Experimental Stem Cell Therapy Stops Multiple Sclerosis In Its Tracks
Five-year results suggest the treatment may be ground-breaking
The prognosis for people affected by multiple sclerosis (MS), a degenerative autoimmune disorder that decimates the central nervous system, is a bleak one. The disease often begins with a sudden burst of neurological symptoms like muscle spasms, vision problems, and trouble walking, then progresses differently, depending on which form of MS someone has. But eventually, nearly everyone with the disease comes to the point of being unable to move, breathe, or live independently. And sufferers on average live anywhere from five to ten years less than the general public.
Currently, the best medications we have available do little more than slow MS down, or tamp down people’s symptoms. But an experimental therapy continues to provide the first glimmers of something ground-breaking — an actual way to stop one form of the disease in its tracks, and maybe even reverse some of the damage already done.
In this month’s Neurology, researchers detailed the final five-year-old results of a small clinical trial called HALT-MS. Twenty-four volunteers with MS who hadn’t responded to conventional drugs were first given a powerful form of chemotherapy, high-dose immunosuppressive therapy (HDIT), that wiped out their immune system. Then they were given a transplant of their own stem cells taken out earlier, known as autologous hematopoietic cell transplant (HCT). These purified cells, the researchers theorized, would seed a new generation of uncorrupted white blood cells and reset the immune system, freezing MS in its place.

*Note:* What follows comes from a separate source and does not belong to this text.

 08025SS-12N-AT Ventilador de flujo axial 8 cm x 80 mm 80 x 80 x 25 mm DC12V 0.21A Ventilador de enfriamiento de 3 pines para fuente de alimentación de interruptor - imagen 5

For the most part that’s exactly what the combination HDIT/HCT therapy did. Nearly 70 percent of patients, five years in, have experienced no signs of the disease progressing. They haven’t had a relapse of symptoms, become more disabled, or had new brain lesions show up in imaging exams. Some have actually improved physically in the years since the treatment. And even those not in complete remission appear to be suffering less than before. Importantly, though the treatment isn’t free of side-effects, there haven’t been severe ones. There were three deaths seen during the trial, all of whom experienced worsening MS, but none were attributed to the treatment.
The volunteers all had relapsing-remitting MS, the most common form, in which symptoms come and go with little rhyme or reason.
“The evidence at this time is encouraging, but it isn’t definitive,” study author Dr. Linda Griffith, a researcher at the National Institute of Allergy and Infectious Diseases (NIAID), which sponsored the study, told Vocativ.
As Vocativ has previously reported, this isn’t the first trial to find similar success rates for HDIT/HCT, though it does come with its own dangers. Patients can die from it, and like all kinds of chemotherapy, the deliberate weakening of the immune system often leads to more infections. It also doesn’t seem to be as effective for more advanced types of MS, when the disease has stopped causing active inflammation, said Griffith. And while it could be promising for people in the earliest stages of MS, the research needed to promote it as a first-line treatment isn’t there yet either, she added.
For now, the only trials of HDIT/HCT have been small and isolated. And though the effects of it when successful seem to extend as far out as 13 years later, it’s too early to call it a full-on cure. We still don’t have a clear grasp of why MS happens in the first place, but it’s thought that multiple triggers like infections and unlucky genetics combine to increase people’s risk. So even if resetting someone’s immune system does treat MS completely, it’s plausible that some percentage of patients could fall victim to it again down the road, Griffith explained. We just don’t know enough right now.
But Griffith is hopeful that larger, randomized studies will be underway within the next year or so. And if those prove to be as successful as the HALT-MS trial and others, the therapy could someday soon lead to a light at the end of tunnel for the millions of MS sufferers alive today.